En la muerte de un obispo católico y español: Mons. Damián Iguacen Borau

Es normal, en nuestra sociedad, que el lector de las noticias diarias retenga lo más superficial o lo más llamativo. El exceso de información impide, lo que es querido por los propios medios informativos, profundizar en una reflexión acorde a la importancia del acontecimiento relatado. En este caso, el fallecimiento del obispo más longevo del mundo, 104 años, es dato suficiente para oscurecer o anular otros de mayor relevancia del personaje.

No voy a entretenerme en lo que hasta Wikipedia recoge y los esforzados copistas reproducen. Simplemente, deseo hacer honor al título de este artículo y compartir un par de detalles de vivencias mías. Sí, era don Damián obispo católico en una época en que no todos los miembros del “Colegio Episcopal” merecen ese tratamiento. Predicador de Cristo, como único Salvador, y de su Evangelio, humilde propagador de la Verdad, pastor preocupado por la salvación de las almas a él encomendadas. Jamás en su hablar o en sus escritos se encontrará nada que no sea fidelidad a la Fuentes de la Revelación, Sagradas Escrituras y Tradición, conforme al Magisterio eclesial.
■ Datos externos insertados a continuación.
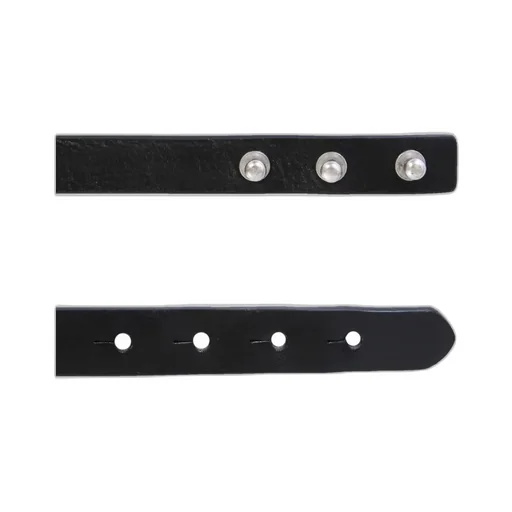 Dsquared2 Logo Plaque Belt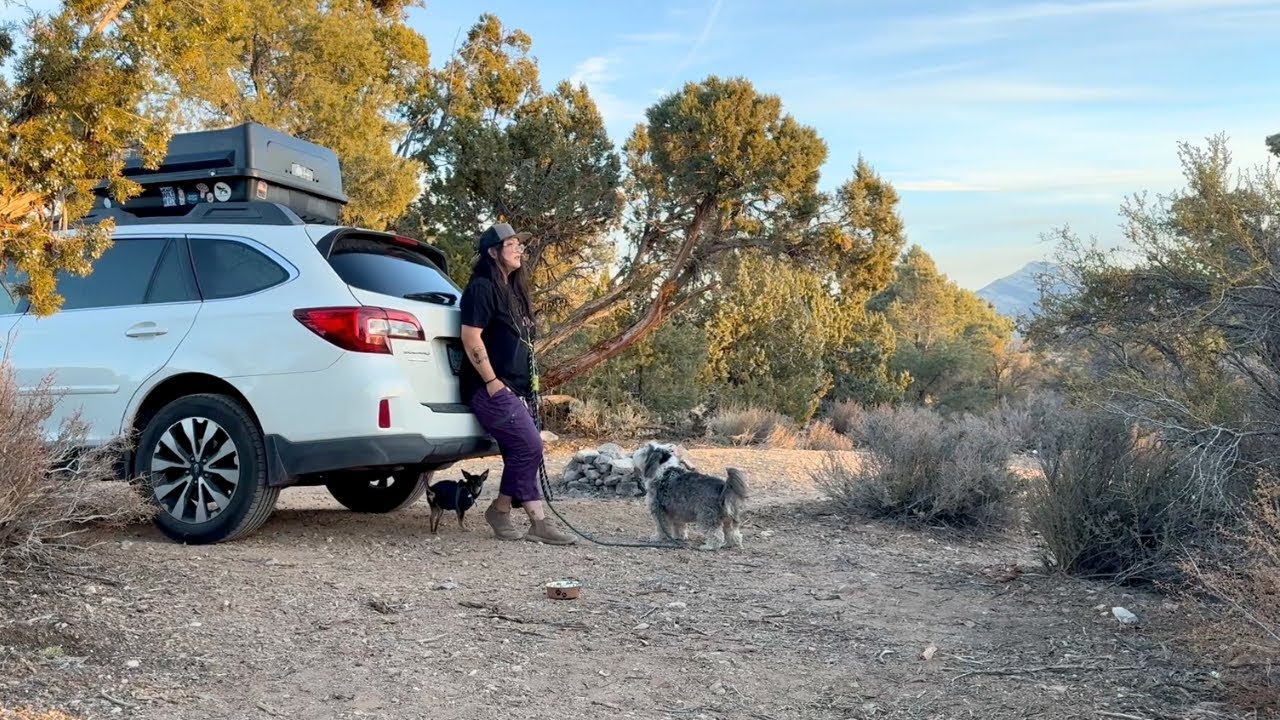 Car Camping with 2 dogs! 🐶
Mientras fue obispo residencial en sus gestos e indumentaria, tiempo en el que siempre portó la sotana, no dejó de manifestar la sencillez de quien sabía que la labor a realizar era de obediencia a Cristo y no de creatividad propia. Su visión de la realidad estaba empapada de amor filial a la Iglesia. Recuerdo, en el último encuentro que tuve con él, ya octogenario, preguntarle por quien hubiese votado, si hubiera sido cardenal, en un Cónclave para elegir papa; sin pestañear y con rapidez me respondió “por el Cardenal Siri”.
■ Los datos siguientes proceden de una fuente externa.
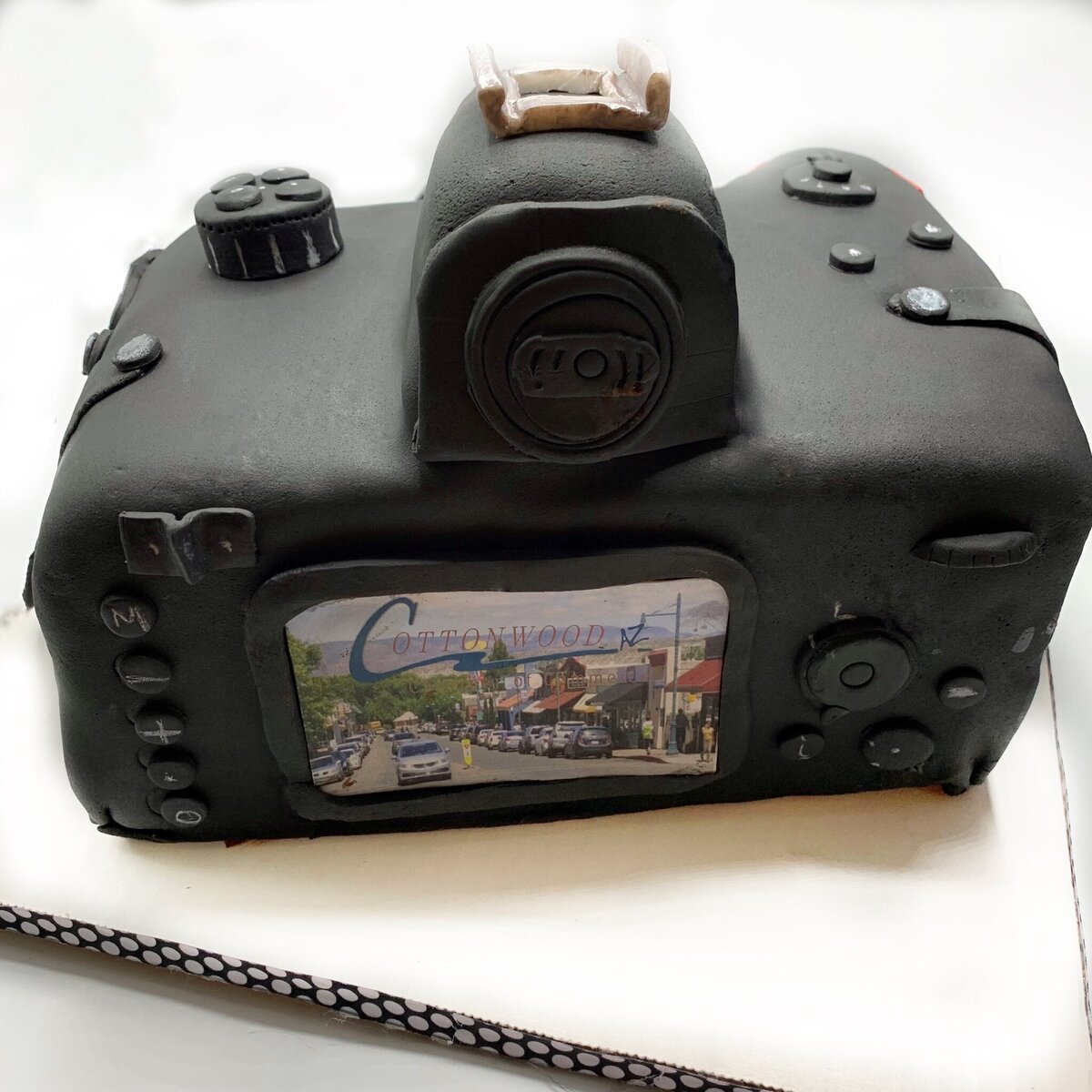 SLR camera cake back view with view finder image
Nunca ocultó su amor a una España católica, preocupado por el devenir de los acontecimientos. Testigo de la persecución sanguinaria a la que fue sometida la Iglesia en la España de 1931 a 1939, siendo seminarista participó de la Cruzada. En mi memoria quedó su respuesta a la pregunta, algo maliciosa, de un seminarista del seminario menor: “¿Monseñor usted hizo la Mili?” Inmediatamente, respondió “estuve en la guerra con Franco”. Mientras pudo, acudía a rezar en la tranquilidad y la paz del Valle de los Caídos. Precisamente, acompañándolo en un viaje al divisar a lo lejos, desde el coche, la cruz más grande del mundo, me preguntaba socarronamente para buscarme le lengua “¿quién está enterrado ahí?”.

Son muchas las anécdotas que podría plasmar en estas líneas, pero no es esa mi intención. Fuera de toda sensiblería, solamente apuntar aspectos que no aparecerán en los medios.

Finalizo con un extracto de sus sentidas y sinceras palabras, siendo obispo de Teruel, con motivo de la muerte de Franco:

“Pedimos para el que ha sido nuestro Jefe de Estado el descanso eterno, la luz perpetua, la paz inalterable. El descanso de Dios, después de una vida apretada de trabajos, de preocupaciones y responsabilidades tremendas. A la luz de Dios que le introduzca en la Verdad plena, a él, que tanto se esforzó por encontrar caminos nuevos para un pueblo que le confió  su destino. La paz de Dios, esa paz que el mundo no puede dar…Pidamos por nuestra amada España, la patria que él tanto amó y a la que él sirvió con total entrega y dedicación…”.

Solicitamos a Dios lo que él, buen obispo, deseó a tantos: la felicidad eterna y que interceda por la Iglesia y por la España católica, sumidas en tiempo de oscuridad.